Una coincidenza è una spiegazione mancante. I due attentati di ieri, in Costa d’Avorio e in Turchia, sono quasi sicuramente opera di terroristi non in contatto fra loro e senza alcun coordinamento ideologico o operativo. Non sono tuttavia una coincidenza. La spiegazione, drammaticamente semplice, è che stiamo perdendo la guerra contro il terrorismo. I terroristi ne approfittano perché sanno che per continuare a vincere - a guadagnar terreno - basta esattamente quello che hanno fatto ieri. Colpire, fare vittime, seminare paura, in un angolo o l’altro del pianeta. Che noi vogliamo o meno chiamarla guerra importa poco. Chi la conduce, in particolare lo Stato Islamico, Al Qaeda, Boko Haram, Shabaab, taleban, ha pochi dubbi sul dichiararla e condurla spietatamente. Ammanta di religione la barbarie e approfitta di qualsiasi bersaglio o punto debole a disposizione. Ogni bersaglio è legittimo.

Più di un migliaio di chilometri separa Ankara da Grand-Bassam, un abisso psicologico le vittime di ieri nella capitale turca da quelle nel villaggio vacanze in Costa d’Avorio.

Il filo diretto è la stretta del terrorismo sulla scena internazionale. Per diversa che sia l’etichetta che ha armato i Kalashnikov e le bombe, i due attentati rispondono ad una logica unica.

Una logica che sta destabilizzando il mondo soprattutto intono a noi. Non facciamoci illusioni perché non ne siamo al riparo né in Italia né in Europa. Anche senza tirare in ballo le tragedie di Parigi dello scorso anno, e la caccia al terrorista nei quartieri di Bruxelles, siamo di fronte ad una minaccia crescente e continua alla nostra quotidianità dai viaggi agli affari, dalla cultura al turismo. Non siamo al riparo dalla guerra del terrorismo perché, come Europa ne siamo circondati. La stiamo perdendo perché, malgrado tutti i nostri sforzi, malgrado le forti dichiarazioni di solidarietà, 15 anni dopo l’11 settembre e le code di Londra e Madrid, lo scenario di sicurezza intorno a noi è peggiorato anziché migliorare. Siamo sulla difensiva mentre abbiamo permesso al nemico d’insediarsi in Siria, in Iraq, in Libia e nel Maghreb: intorno all’Europa.

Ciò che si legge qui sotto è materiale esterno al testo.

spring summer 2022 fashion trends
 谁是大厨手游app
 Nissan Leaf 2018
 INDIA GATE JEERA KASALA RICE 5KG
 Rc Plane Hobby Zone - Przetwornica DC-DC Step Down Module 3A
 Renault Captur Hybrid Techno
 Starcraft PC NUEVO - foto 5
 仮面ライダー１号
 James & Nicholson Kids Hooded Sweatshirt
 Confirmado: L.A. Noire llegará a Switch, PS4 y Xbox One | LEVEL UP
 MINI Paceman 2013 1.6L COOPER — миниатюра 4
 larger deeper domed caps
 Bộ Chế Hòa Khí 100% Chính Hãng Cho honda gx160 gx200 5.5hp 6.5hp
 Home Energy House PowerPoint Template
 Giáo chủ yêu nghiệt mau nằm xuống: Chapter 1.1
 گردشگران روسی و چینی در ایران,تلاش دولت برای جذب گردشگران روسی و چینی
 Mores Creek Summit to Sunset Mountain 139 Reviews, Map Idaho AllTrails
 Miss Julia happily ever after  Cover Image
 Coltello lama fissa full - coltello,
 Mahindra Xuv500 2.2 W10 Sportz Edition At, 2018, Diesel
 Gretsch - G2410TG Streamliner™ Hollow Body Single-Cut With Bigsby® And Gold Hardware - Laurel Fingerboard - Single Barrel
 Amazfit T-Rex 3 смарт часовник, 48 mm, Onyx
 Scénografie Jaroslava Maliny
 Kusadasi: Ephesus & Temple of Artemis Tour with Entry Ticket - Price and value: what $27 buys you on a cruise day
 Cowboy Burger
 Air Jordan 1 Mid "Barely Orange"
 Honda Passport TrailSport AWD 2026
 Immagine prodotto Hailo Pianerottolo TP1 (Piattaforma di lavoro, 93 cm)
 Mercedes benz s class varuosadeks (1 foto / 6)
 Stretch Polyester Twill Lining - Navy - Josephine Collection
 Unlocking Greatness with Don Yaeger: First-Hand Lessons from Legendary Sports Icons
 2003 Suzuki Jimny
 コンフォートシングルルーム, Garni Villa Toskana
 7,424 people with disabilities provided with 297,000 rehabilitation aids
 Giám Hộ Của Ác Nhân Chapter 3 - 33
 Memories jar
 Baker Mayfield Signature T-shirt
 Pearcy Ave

Continuiamo a dire che la sfida dello Stato Islamico non ha soluzioni militari. Vero, ma intanto lo Stato Islamico ci aggredisce con le armi, per di più senza alcun scrupolo nell’usarle contro civili. Anzi, più civili colpisce, maggiore è il successo. Non verremo mai a capo di questa minaccia se non uniremo a un forte impegno diplomatico e politico anche lo strumento militare con più determinazione e coraggio di quanto abbiamo fatto finora. Sappiamo «dov’è» Isis. Conosciamo la sua capitale in Siria, le città dove esercita il suo barbaro potere con violazioni orrende dei diritti umani, conosciamo le basi sul litorale libico.

Sono vulnerabili ai mezzi di cui disponiamo, ma esitiamo ad usarli o li centelliniamo. I due attentati di ieri sono lontani dall’Italia e dall’Europa. Possiamo continuare ad illuderci che la distanza basti a darci una certa sicurezza. Rinunceremo a qualche viaggio e cancelleremo i villaggi turistici in località esotiche. Ma non illudiamoci: così facendo il terrorismo continuerà ad avanzare mentre noi, l’Europa, il mondo civile, battiamo in ritirata.